Schon von weitem sieht man die Demonstration vor dem Brandenburger Tor. Etwa 100 Menschen stehen locker gruppiert auf dem Pariser Platz. Im Näherkommen fällt ihre einheitliche Kleidung auf: rot-weiß gemusterte Einteiler. Ausnahmslos alle sind sehr schlank, manche dehnen sich. Vielleicht doch eher eine öffentliche Ballettprobe.

Weder noch, hier stehen Schaufensterpuppen; überwiegend weibliche Figuren, zwei, drei männliche, wenige Kinder. Sie sind vollständig eingewickelt in rot-weißes selbstklebendes Flatterband. Einigen fehlt ein Arm, andere stehen auf einem Bein. Ein Passant greift zum Infoblatt, nachdem er sich korrekt am Desinfektionsspender bedient hat. Er übersetzt seinem Begleiter, dass diese Kunstaktion auf die Veränderungen durch Corona aufmerksam machen soll. Nichts sei mehr übrig geblieben von Mode und Vergnügen, für die die Puppen noch vor einem Jahr standen.

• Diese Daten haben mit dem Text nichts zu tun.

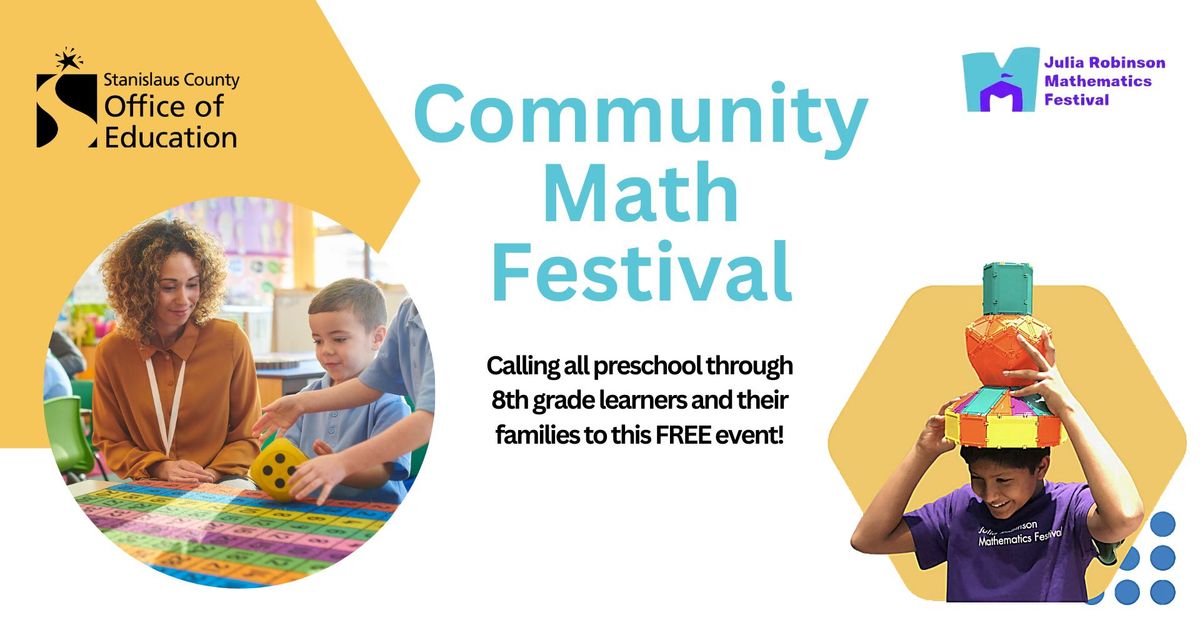 Community Math Festival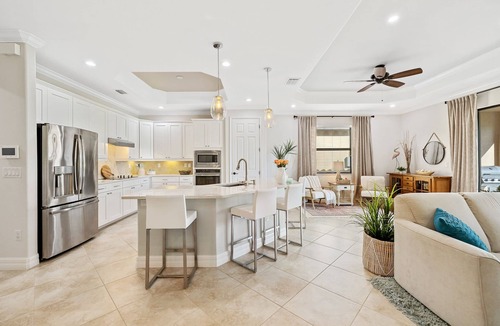 Bonita Springs House | 5-Star ⭐️ Single-Family Home in Resort-Style Community with Golf Included!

Die meisten, die vorbei­spazieren, sehen das Ganze eher als Spektakel. Kinder auf Rädern fahren Slalom zwischen den Figuren, einige spielen Fangen, die Eltern fotografieren. Das Brandenburger Tor hat gerade ausgedient als Kulisse.

Auffällig ist, dass sich nicht eine Frau neben den Puppen fotografieren lässt. Offensichtlich will keine mit diesen Topmodel-Maßen in Verbindung gebracht werden. Das geht vielen Männern anders. Obwohl Schilder darum bitten, die Puppen nicht zu berühren, suchen einige den direkten Kontakt. Einer posiert: Sonnenbrille auf der Nase, Sonnenbrille in die Haare geschoben oder am Bügel gedreht, Hüfte vor, Hüfte zurück und jetzt lässig den Arm um die Taille der Puppe gelegt. Hat er gesehen, dass auch ihr Kopf vollständig verklebt ist? Weiß er, wie er aussieht neben einer Puppe ohne Gesicht? Egal. Look at me!